*** LISTED ENTRIES ***
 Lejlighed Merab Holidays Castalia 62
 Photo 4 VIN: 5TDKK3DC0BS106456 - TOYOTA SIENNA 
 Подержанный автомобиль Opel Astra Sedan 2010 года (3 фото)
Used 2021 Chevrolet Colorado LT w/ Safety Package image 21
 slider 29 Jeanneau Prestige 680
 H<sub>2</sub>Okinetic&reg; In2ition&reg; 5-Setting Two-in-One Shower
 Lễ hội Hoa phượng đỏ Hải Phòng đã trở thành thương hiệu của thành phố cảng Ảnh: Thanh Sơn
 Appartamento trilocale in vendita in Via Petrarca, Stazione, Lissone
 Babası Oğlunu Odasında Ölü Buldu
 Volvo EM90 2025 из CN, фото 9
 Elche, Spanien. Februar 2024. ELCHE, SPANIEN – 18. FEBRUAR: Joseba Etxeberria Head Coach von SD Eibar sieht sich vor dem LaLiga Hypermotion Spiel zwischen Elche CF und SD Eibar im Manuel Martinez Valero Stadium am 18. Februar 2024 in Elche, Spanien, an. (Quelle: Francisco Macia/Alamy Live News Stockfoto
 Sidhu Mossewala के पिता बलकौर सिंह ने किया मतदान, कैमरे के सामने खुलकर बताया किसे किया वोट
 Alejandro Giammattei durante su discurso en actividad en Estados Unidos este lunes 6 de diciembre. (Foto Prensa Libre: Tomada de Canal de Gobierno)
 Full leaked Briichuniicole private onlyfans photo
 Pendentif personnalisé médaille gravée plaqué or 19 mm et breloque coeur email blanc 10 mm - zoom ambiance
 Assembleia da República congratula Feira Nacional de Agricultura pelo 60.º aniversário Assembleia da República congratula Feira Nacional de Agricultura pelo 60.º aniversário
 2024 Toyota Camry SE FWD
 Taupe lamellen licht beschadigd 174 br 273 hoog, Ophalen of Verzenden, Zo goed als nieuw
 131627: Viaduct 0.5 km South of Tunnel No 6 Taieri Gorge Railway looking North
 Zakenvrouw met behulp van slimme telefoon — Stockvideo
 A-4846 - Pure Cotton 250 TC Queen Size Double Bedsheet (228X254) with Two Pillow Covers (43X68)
***
ACTIVITY:
Exact reproduction of every entry is needed.

EXERCISE OUTPUT:
 Lejlighed Merab Holidays Castalia 62
 Photo 4 VIN: 5TDKK3DC0BS106456 - TOYOTA SIENNA 
 Подержанный автомобиль Opel Astra Sedan 2010 года (3 фото)
Used 2021 Chevrolet Colorado LT w/ Safety Package image 21
 slider 29 Jeanneau Prestige 680
 H<sub>2</sub>Okinetic&reg; In2ition&reg; 5-Setting Two-in-One Shower
 Lễ hội Hoa phượng đỏ Hải Phòng đã trở thành thương hiệu của thành phố cảng Ảnh: Thanh Sơn
 Appartamento trilocale in vendita in Via Petrarca, Stazione, Lissone
 Babası Oğlunu Odasında Ölü Buldu
 Volvo EM90 2025 из CN, фото 9
 Elche, Spanien. Februar 2024. ELCHE, SPANIEN – 18. FEBRUAR: Joseba Etxeberria Head Coach von SD Eibar sieht sich vor dem LaLiga Hypermotion Spiel zwischen Elche CF und SD Eibar im Manuel Martinez Valero Stadium am 18. Februar 2024 in Elche, Spanien, an. (Quelle: Francisco Macia/Alamy Live News Stockfoto
 Sidhu Mossewala के पिता बलकौर सिंह ने किया मतदान, कैमरे के सामने खुलकर बताया किसे किया वोट
 Alejandro Giammattei durante su discurso en actividad en Estados Unidos este lunes 6 de diciembre. (Foto Prensa Libre: Tomada de Canal de Gobierno)
 Full leaked Briichuniicole private onlyfans photo
 Pendentif personnalisé médaille gravée plaqué or 19 mm et breloque coeur email blanc 10 mm - zoom ambiance
 Assembleia da República congratula Feira Nacional de Agricultura pelo 60.º aniversário Assembleia da República congratula Feira Nacional de Agricultura pelo 60.º aniversário
 2024 Toyota Camry SE FWD
 Taupe lamellen licht beschadigd 174 br 273 hoog, Ophalen of Verzenden, Zo goed als nieuw
 131627: Viaduct 0.5 km South of Tunnel No 6 Taieri Gorge Railway looking North
 Zakenvrouw met behulp van slimme telefoon — Stockvideo
 A-4846 - Pure Cotton 250 TC Queen Size Double Bedsheet (228X254) with Two Pillow Covers (43X68)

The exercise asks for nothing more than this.